Well I have spent the whole of this weekend trying to figure out how to write this next blog post but for some strange reason the beam of linguistic enlightenment has decided to give me a miss. So now it is Monday evening and I have about 40 minutes before I need to get ready to go back to base. I figure I just need to start writing because otherwise nothing will get written.

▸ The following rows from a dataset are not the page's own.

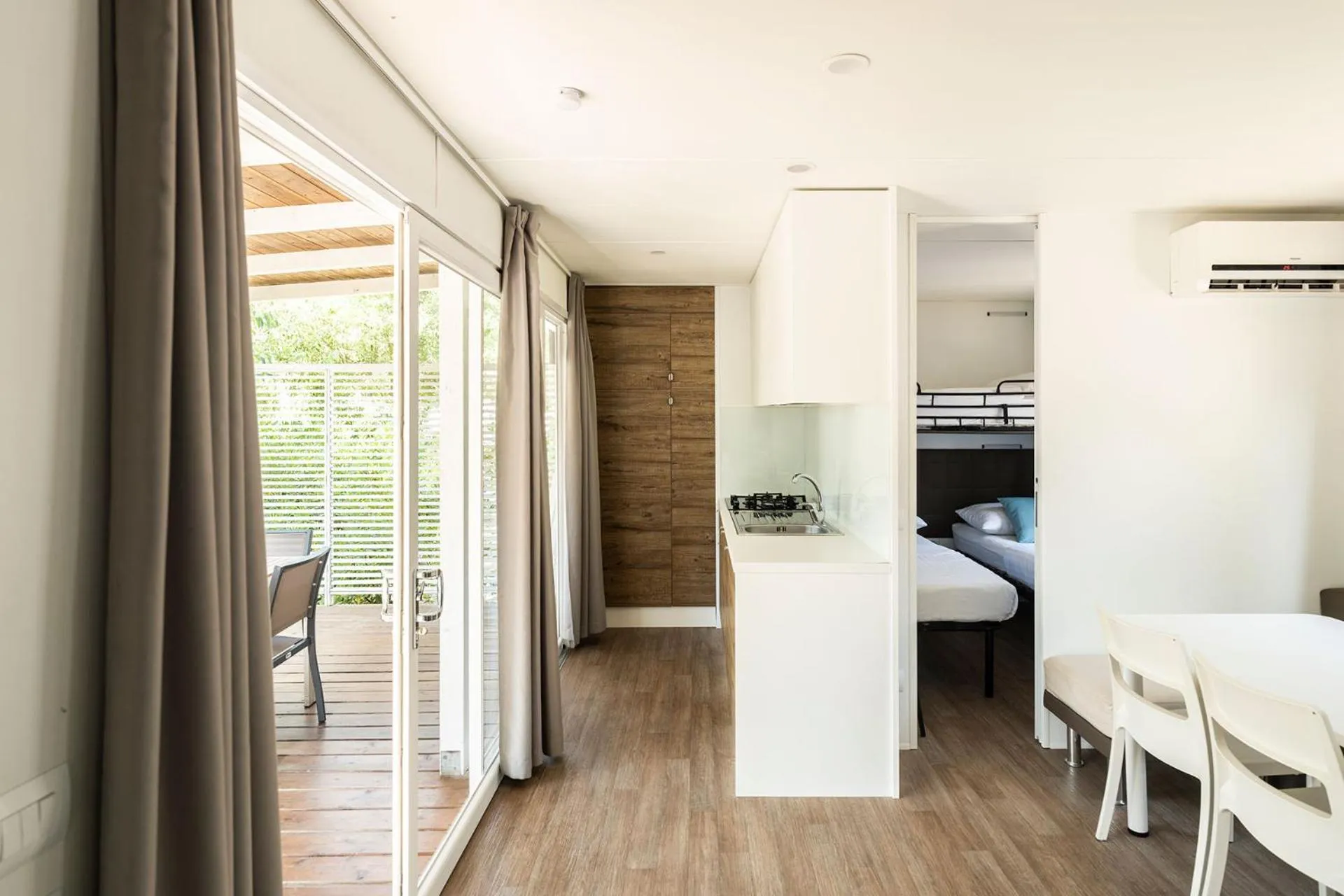 Kitchen or kitchenette in Zaton Holiday Resort Camping Homes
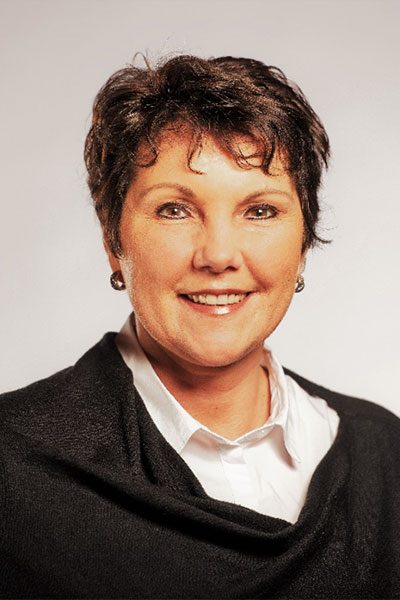 Portrait-Aufnahme von Silke Duranowitsch, einer Trainerin des B. Braun Heimdialyse Services. 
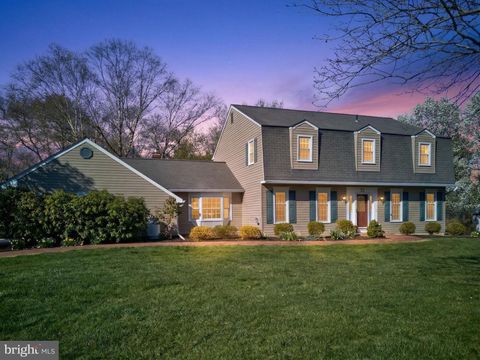 Photo of 12 Happ Drive, DOYLESTOWN, PA 18901 (MLS # PABU2117196)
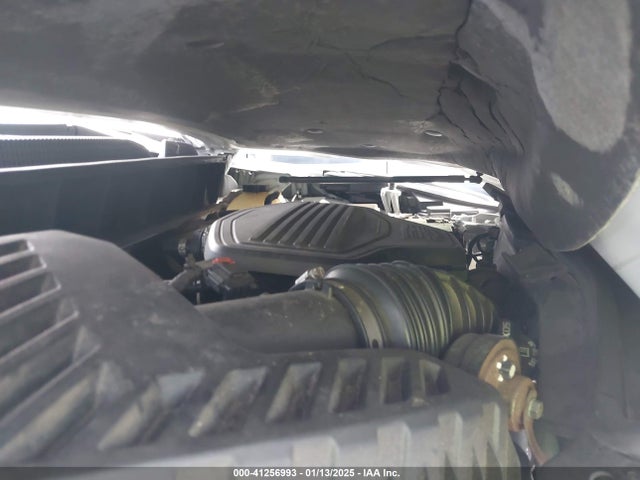 2017 CADILLAC XT5 1GYKNBRS4HZ103708 Photo 9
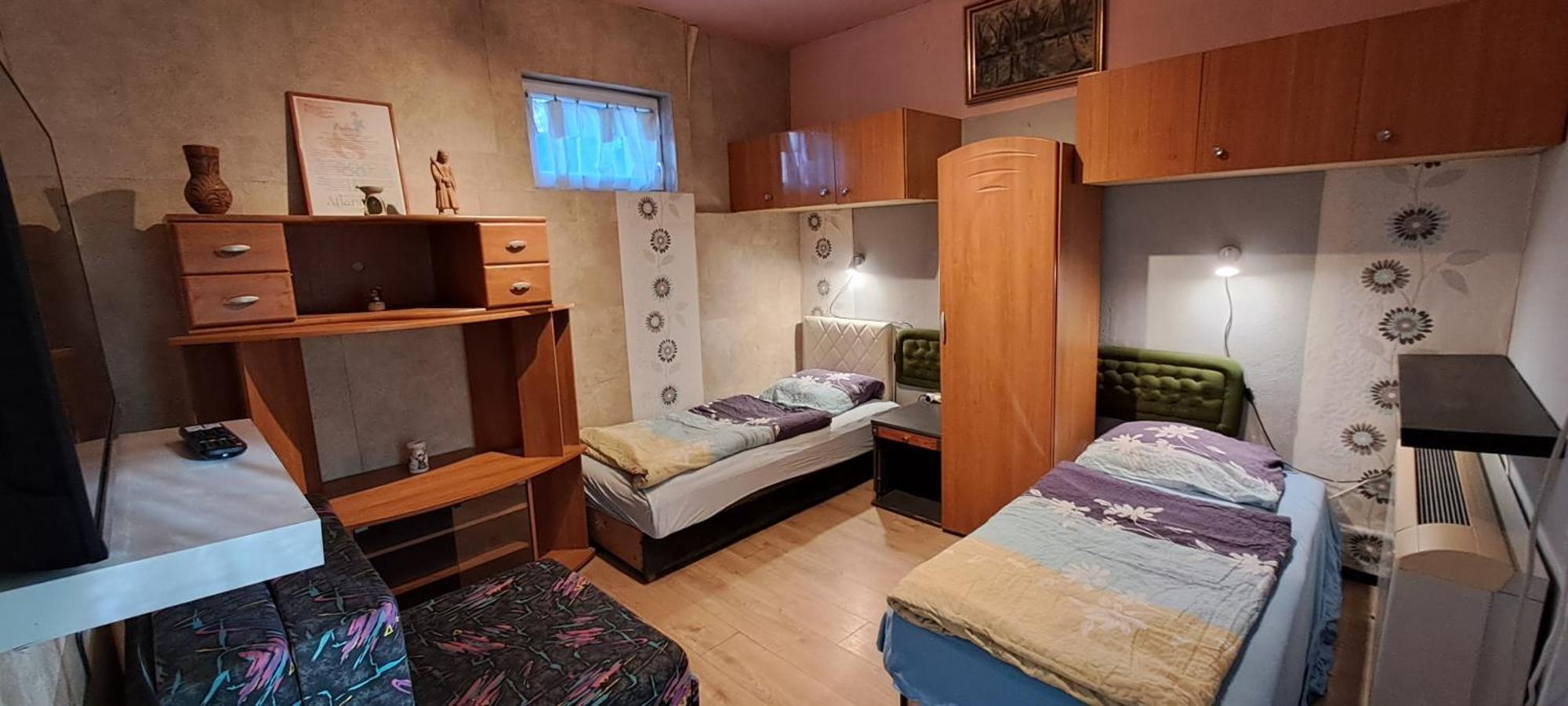 Sárkány Lak Diosd Szoba fotó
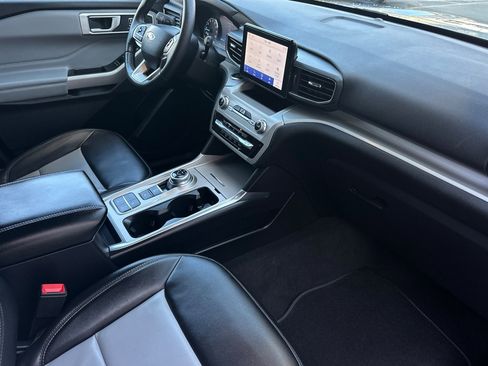 Certified 2022 Ford Explorer XLT w/ Equipment Group 202A image 16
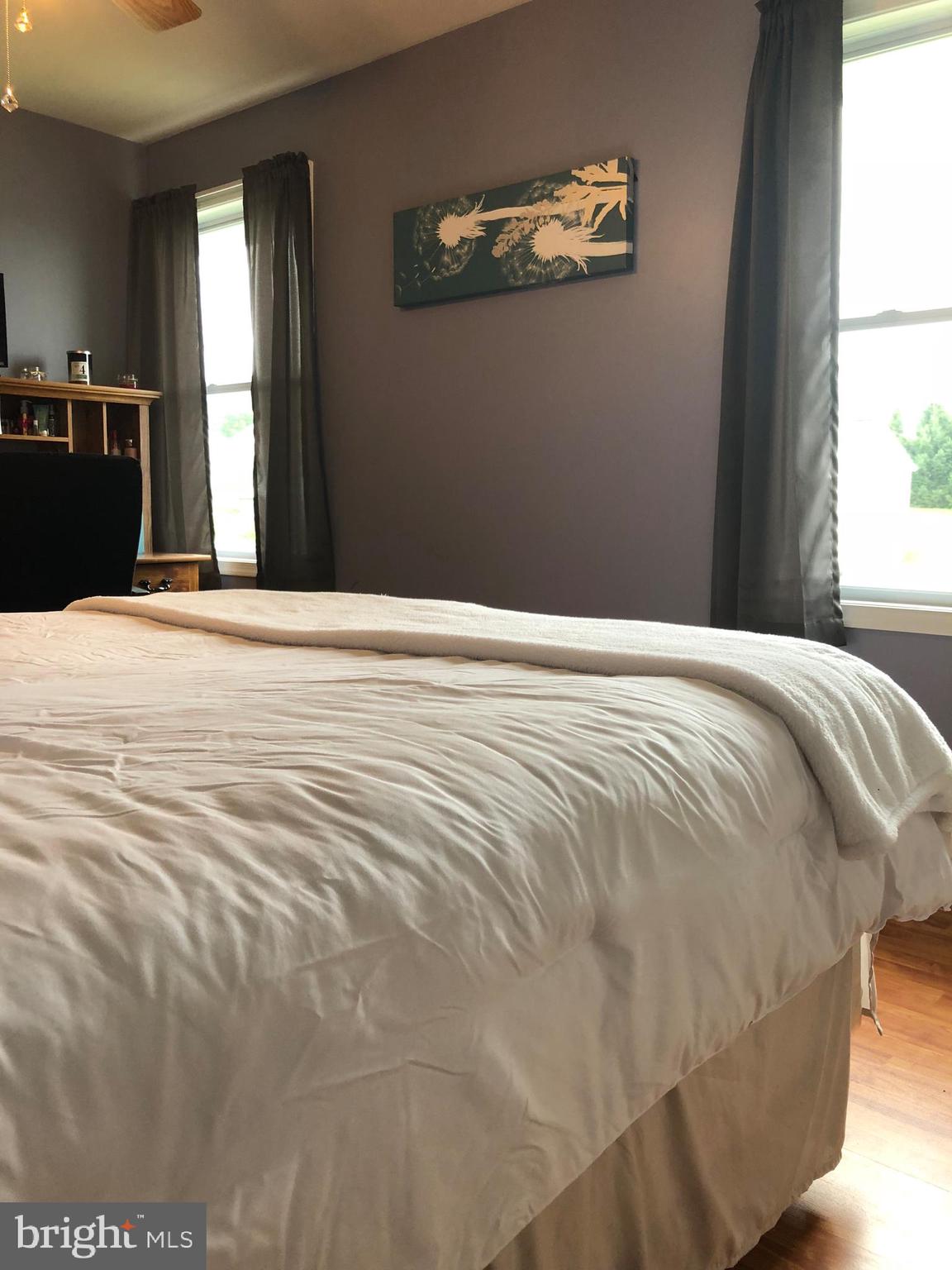 NEWBURG VILLAGE - Residential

So what has happened in the last two weeks? A lot. Way more than I will be able to write about in this short space of time. Basically, the fortnight kicked off with me sat in a bathroom stall with my head in my hands and the waves of anxiety flowing through me once again. To fill you in on why, we had a three day camping trip coming up in the forest that week, one that if we missed we would have to lose our weekend to redo. The thing is my family were due to fly out that weekend (this weekend that has just gone) and I was borderline bedridden. I had no idea if I was well enough to go. On the bus ride back to base the night before I had started to feel a bit of illness coming on and by the time morning rolled round I felt dead on my feet.
Thankfully though the forest trip came round the next day and I had gone from feeling “awful” to “fairly bad”; that was all I needed. I really came face to face with the concept of soldiering on as we marched out a few kilometres from base to set up these ridiculous 14 man tents. Worst of all I had to sacrifice all my free time in the evening to help set up another tent for myself and the superior officers to sleep in because my tent was full. This was then followed by boiling hot night of little to no sleep interrupted by my hour-long 2am night watch shift. Basically rinse and repeat for day two but with hotter weather, a cavalcade of training exercises and two nosebleeds. Day three wasn’t much better either and by the time we got back to our room on base my whole platoon was just about ready to quit the army for civil service. One guy even did it.
So that is how the two weeks started. Fortunately, it did get easier from there. We had a couple of days shooting before undergoing the fabled chemical weapons training. I can now proudly say that I have walked through napalm and that I have been teargassed. We had the option of going through the teargas room without a gasmask so how could I resist? Turns out that it is actually really fun. You get such a big adrenaline rush from it and it is effectively a free pass to yell and swear as much as you want for a couple of minutes between fits of coughing and moments of wondering why your tears burn so much. I have to say though I probably wouldn’t be best pleased if someone teargassed me without my permission.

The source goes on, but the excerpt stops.